Helper class to write aggregated results to CSV file.

close() → None: Ensure the CSV file is properly closed after writing.

report(data: AggregationData) → None: Write the metrics to CSV.

lir.bounding module

class lir.bounding.LLRBounder(lower_llr_bound: float | None = None, upper_llr_bound: float | None = None)

Bases: Transformer, ABC

Base class for LLR bounders.

A bounder updates any LLRs that are out of bounds. Any LLR values within bounds remain unchanged. LLR values that are out-of-bounds are updated to the nearest bound.

apply(instances: InstanceData) → LLRData: Recalculate the LLR data using the first step calibrator and applying the bounds.

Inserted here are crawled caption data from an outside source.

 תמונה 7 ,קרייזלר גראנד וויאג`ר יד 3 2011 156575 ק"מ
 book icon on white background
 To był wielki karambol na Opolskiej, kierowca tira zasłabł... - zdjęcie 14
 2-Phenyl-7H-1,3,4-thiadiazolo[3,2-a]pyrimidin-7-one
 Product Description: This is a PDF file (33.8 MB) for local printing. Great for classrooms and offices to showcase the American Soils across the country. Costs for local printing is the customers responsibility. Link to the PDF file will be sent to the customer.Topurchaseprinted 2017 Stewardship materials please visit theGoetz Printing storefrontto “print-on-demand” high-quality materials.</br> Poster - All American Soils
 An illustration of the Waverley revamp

abstractmethod calculate_bounds(llrdata: LLRData) → tuple[float | None, float | None]: Calculate and returns appropriate bounds for a set of LLRs and their labels.

fit(instances: InstanceData) → Self

Configure this bounder by calculating bounds.

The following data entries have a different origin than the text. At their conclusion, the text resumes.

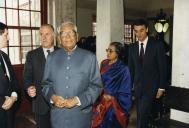 Visita de Kocheril Raman Narayanan a Portugal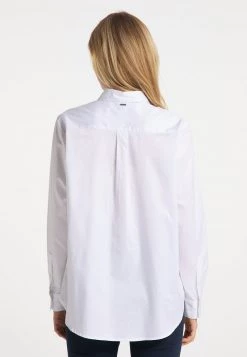 Mujer DREIMASTER IRIDIA - Camisa - Weiss -Tienda DreiMaster barata 7cc1d4414a1b422fbc8b75829679695f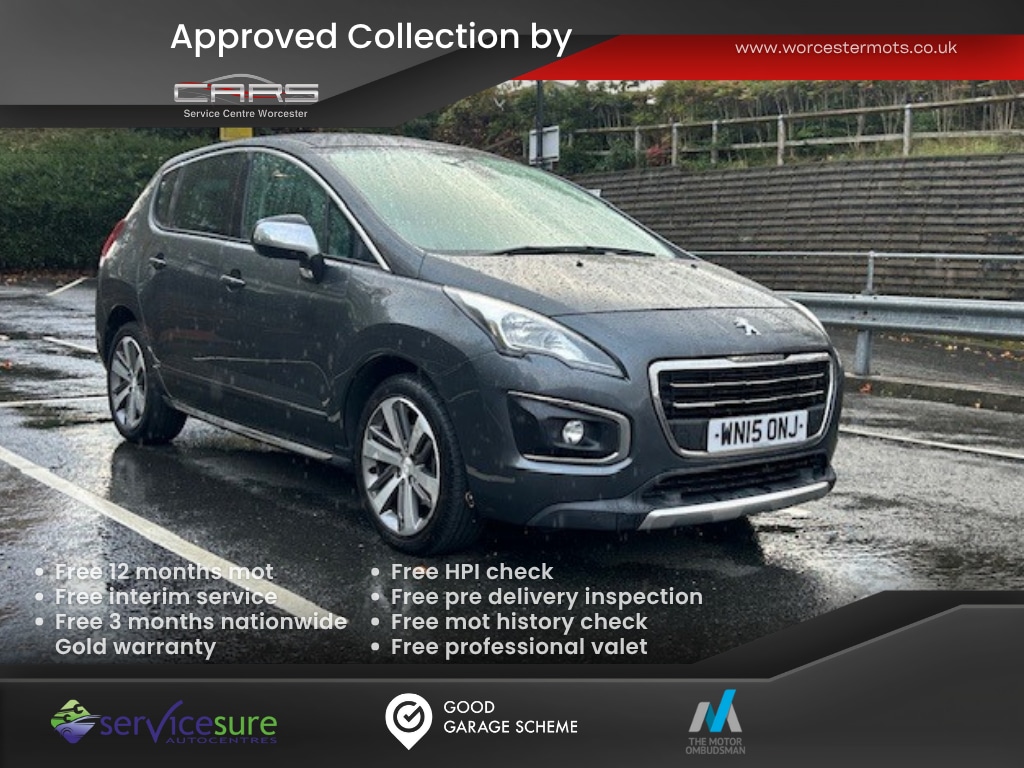 Used Peugeot 3008 2015 for sale - 76322084: Photo 1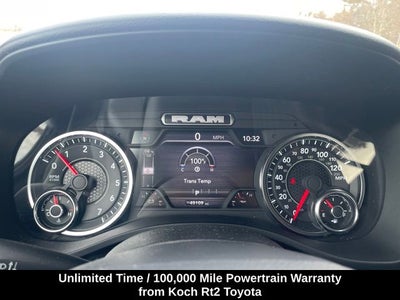 2025 RAM 1500 Big Horn/Lone Star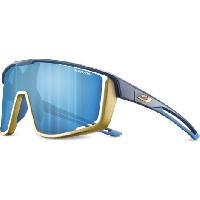 Photo Lunettes julbo fury spectron 3 or bleu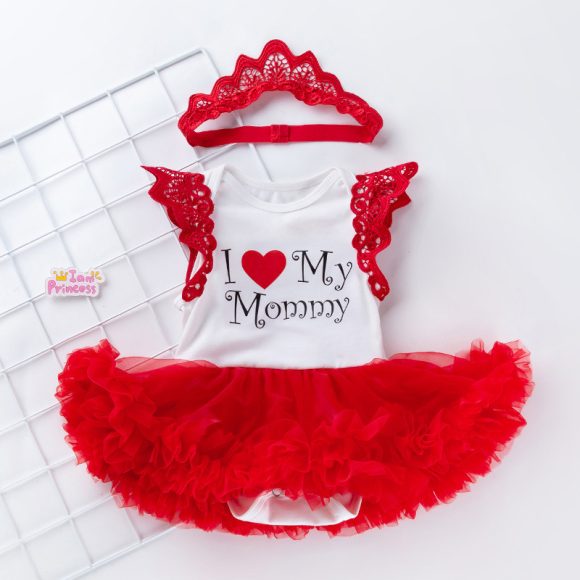 Baby clothes 0-2 years old baby girl sleeveless dress - Image 3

assuming that y=1 corresponds to Hp, y=0 to Hd

class lir.bounding.NSourceBounder(lower_llr_bound: float | None = None, upper_llr_bound: float | None = None)

Bases: LLRBounder

Bound LLRs based on the number of sources.

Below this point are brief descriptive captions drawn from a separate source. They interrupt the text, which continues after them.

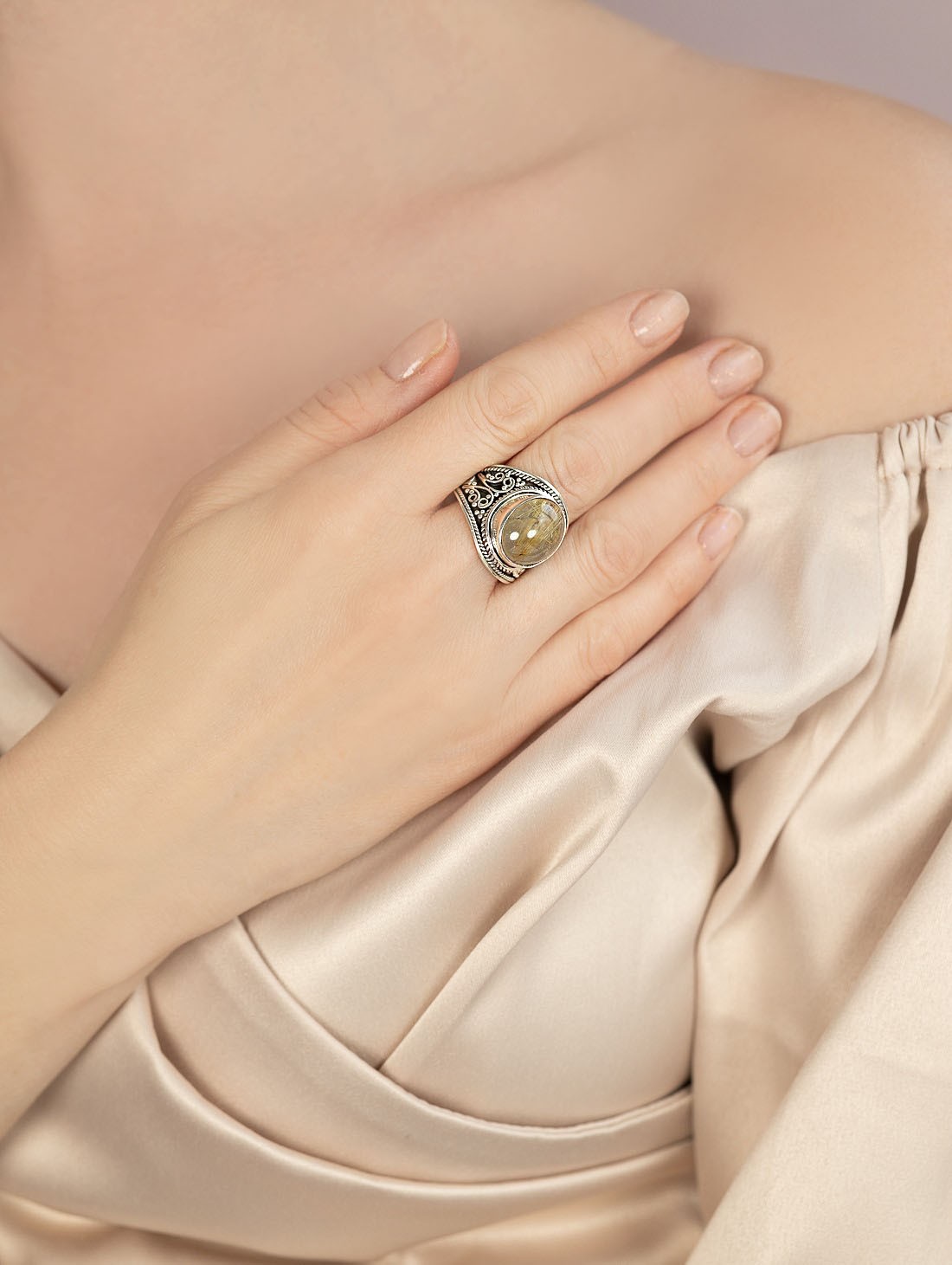 34506 Кольцо (Ag 925)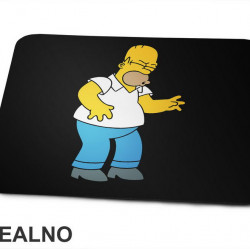 Homer Đuska - The Simpsons - Simpsonovi - Podloga za miš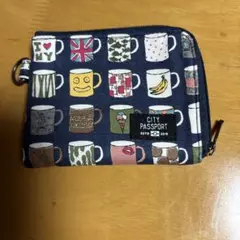 CITY PASSPORT マグカップデザイン コインケース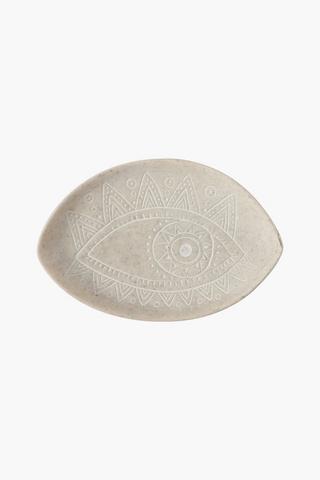 Eye Trinket Tray, 15x10cm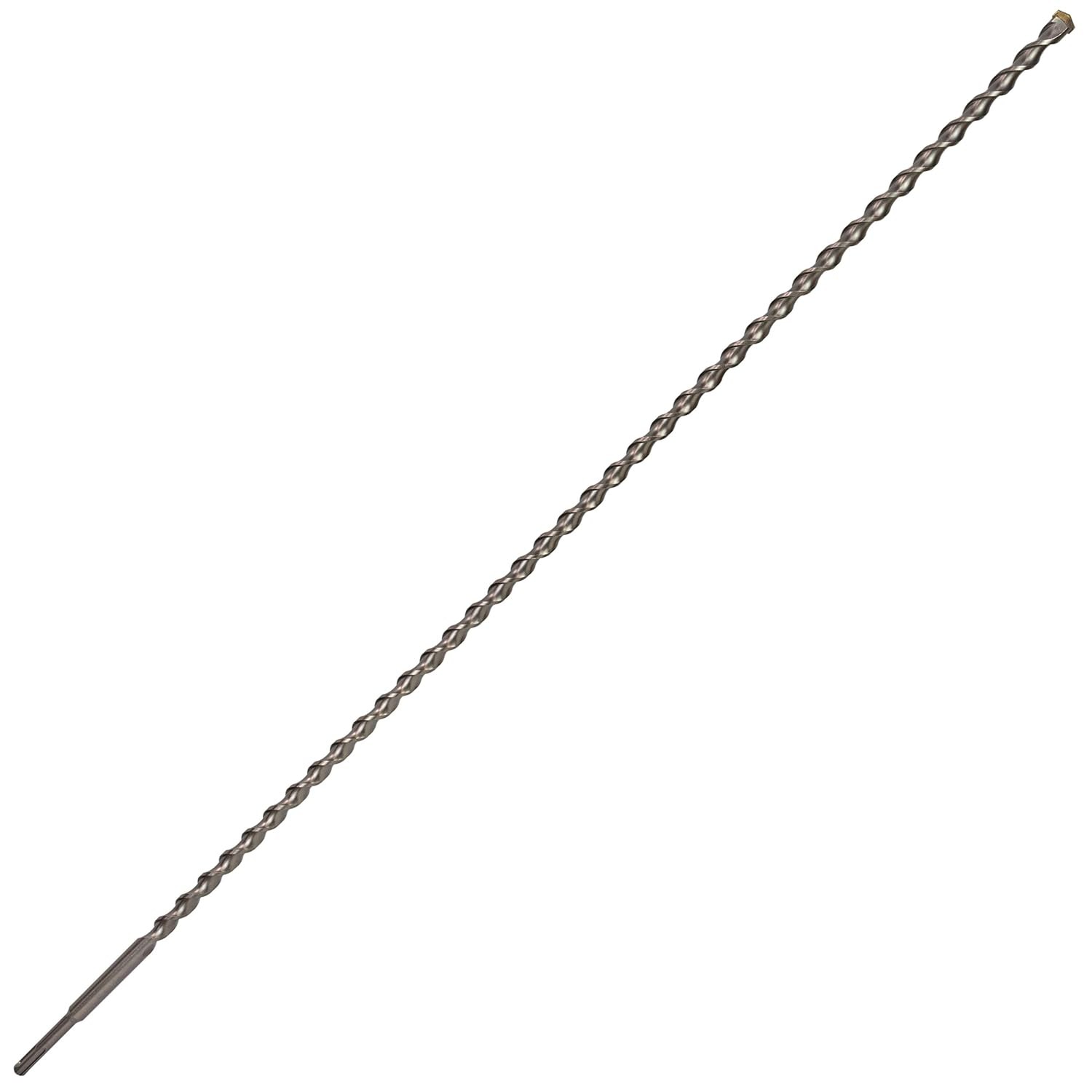 39 Inch x 5/8 Inch SDS Plus Rotary Hammer Drill Bit, Carbide Tipped for Concrete
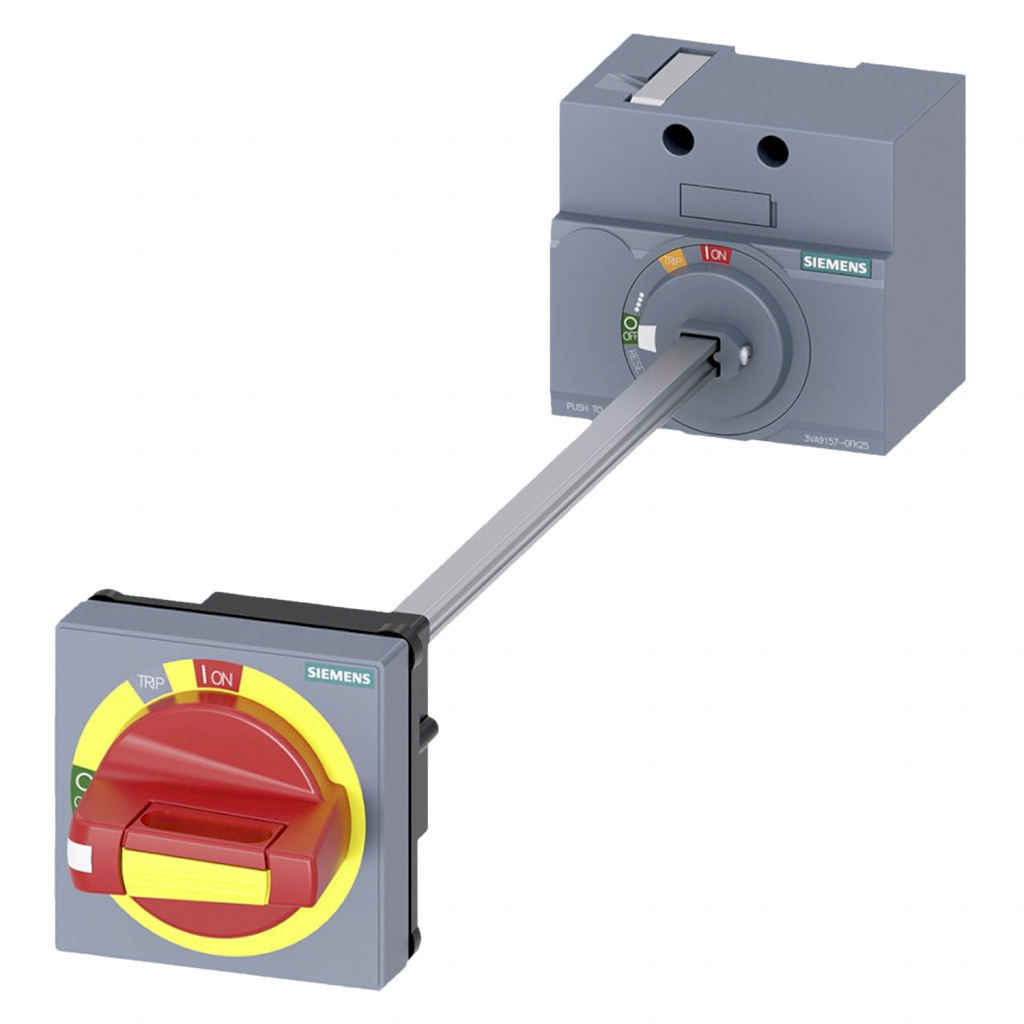 ACCIONAMIENTO PTA EJE ROJ-AM 300mm 3VA1 100-160A 100353554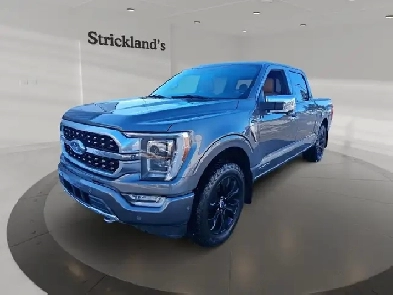 2021 Ford F150 4x4 - Supercrew Platinum - 145 WB Image# 1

This bounder sets the lower LLR bound to -log(N) and the upper bound to log(N), where N is the number of sources.

In non-log space, this corresponds to bounding likelihood ratios to [1/N, N]. This is a logical consequence of having N sources: no source can provide more than N support for one hypothesis over the other.

calculate_bounds(llrdata: LLRData) → tuple[float | None, float | None]: Calculate and return the lower and upper LLR bounds.

class lir.bounding.StaticBounder(lower_llr_bound: float | None, upper_llr_bound: float | None)

Bases: LLRBounder

Bound LLRs to constant values.

This bounder takes arguments for a lower and upper bound, which may take None in which case no bounds are applied.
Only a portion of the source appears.